C’è movimento attorno al tema della cannabis, grazie soprattutto alla raccolta di firme per un referendum sulla sua depenalizzazione che per la prima volta è avvenuta in modo completamente digitale. Ieri la Cassazione ha dato il via libera alle firme raccolte e lo step successivo sarà il vaglio della Corte costituzionale che comincerà il 15 febbraio.
Sempre ieri, però, è arrivato un duro colpo alla filiera della cannabis light con un decreto che sostanzialmente distrugge tutto ciò che era stato costruito negli ultimi cinque anni.

Referendum cannabis, il primo step superato: quali le possibili insidie?

«Era molto difficile che le firme non fossero regolari, visto che per la prima volta sono state interamente raccolte in digitale, ciononostante c’era un po’ di ansia da prestazione», commenta ai nostri microfoni Luca Marola, uno dei sostenitori del referendum cannabis, che chiede ai cittadini italiani di esprimersi sulla sua depenalizzazione.
Il prossimo step nell’iter che dovrebbe condurre alle urne è il vaglio della Corte costituzionale, che comincerà il 15 febbraio. «Tutti i comitati promotori degli 8 quesiti referendari (quello sulla cannabis, quello sull’eutanasia e i sei sulla giustizia) sono stati convocati per quella data, ma il responso quasi certamente non arriverà quel giorno», sottolinea Marola.
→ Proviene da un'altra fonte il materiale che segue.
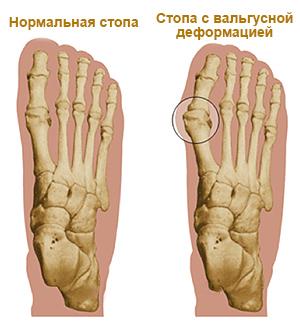 Фото заболевания большого пальца стопы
Da questo momento fino a quando la Corte costituzionale darà il via libera e poi fino all’apertura delle urne, però, potrebbero esserci altri ostacoli ed insidie per mano della politica.
«Se, dopo l’elezione del Presidente della Repubblica, le Camere venissero sciolte perché non c’è più una maggioranza – osserva l’attivista – il referendum slitterebbe al 2023, perché la legge dice che non si può tenere un referendum nello stesso anno in cui ci sono elezioni politiche».
Un’altra insidia, invece, è rappresentata dal Parlamento. Se, di qui al voto, venisse approvata una legge o una modifica di legge che interviene sullo stesso tema del quesito referendario, ecco che il referendum stesso potrebbe saltare. «Conoscendo il Parlamento e i suoi tempi, siamo abbastanza tranquilli che non succederà», osserva Marola.
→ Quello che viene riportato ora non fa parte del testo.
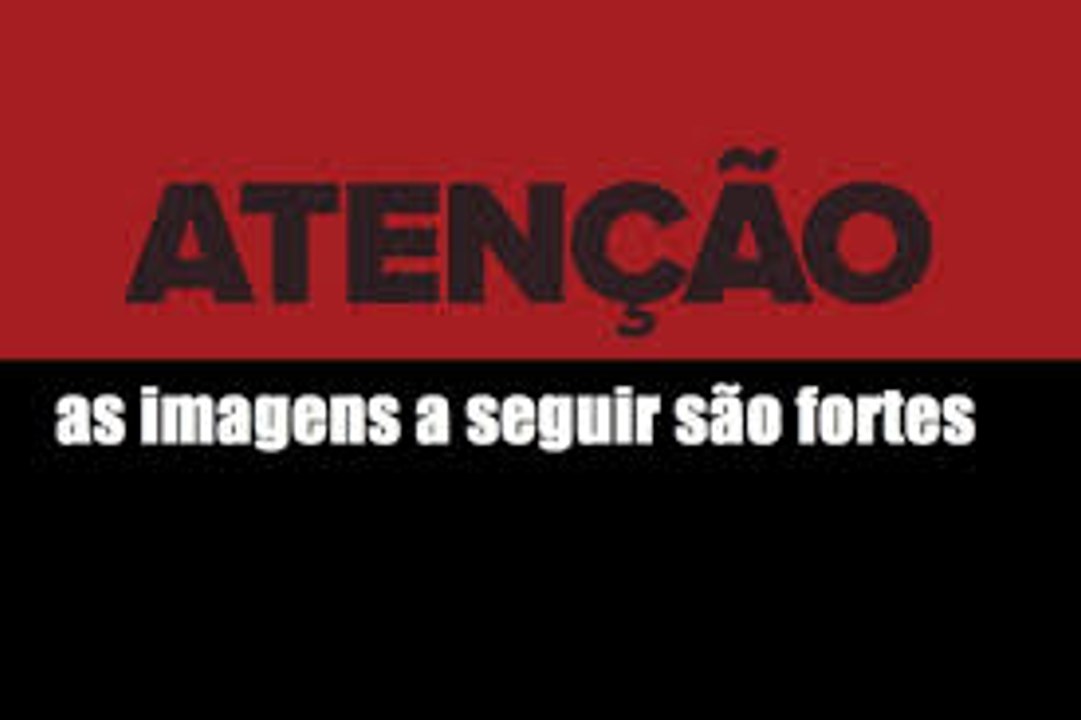 Acidente de mota  - Imagens fortes !!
La cannabis light è stata distrutta

Sempre ieri, però, a cadere sotto i colpi della politica è stata la cannabis light, le infiorescenze di canapa con un contenuto di thc inferiore a 0,2%. Sebbene nei cinque anni dalla sua “invenzione”, la cannabis light abbia affrontato diverse controversie legali e diversi tentativi di messa al bando, ad ottenere questo risultato ieri è stata la Conferenza Stato-Regioni che ha approvato un testo che mette fuorilegge il settore. In particolare, qualunque tipo di canapa, anche quella light, è finita in un regolamento sulle erbe officinali che consente la sua produzione solo previa autorizzazione ministeriale.

«Significa che le bustine di cannabis light che troviamo nei negozi potrebbero non esserci più», commenta Marola, che è la mente dietro alla cannabis light.
In particolare, un decreto identico a quello approvato ieri era stato presentato nell’autunno scorso, ma il ministro della Salute Roberto Speranza lo aveva ritirato. A presentarlo, ieri, è stato invece il Ministero dell’Agricoltura, presieduto da Stefano Patuanelli, che pure nei mesi scorsi si era espresso a favore della legalizzazione della cannabis.
«Queste cose ci dicono che forse tutta la classe politica non è interessata ad occuparsi di questo tema, anzi: è completamente scollegata dalla società – commenta Marola – Per questo, invece che sperare che intervenga il Parlamento, lo strumento più adeguato è proprio quello del referendum».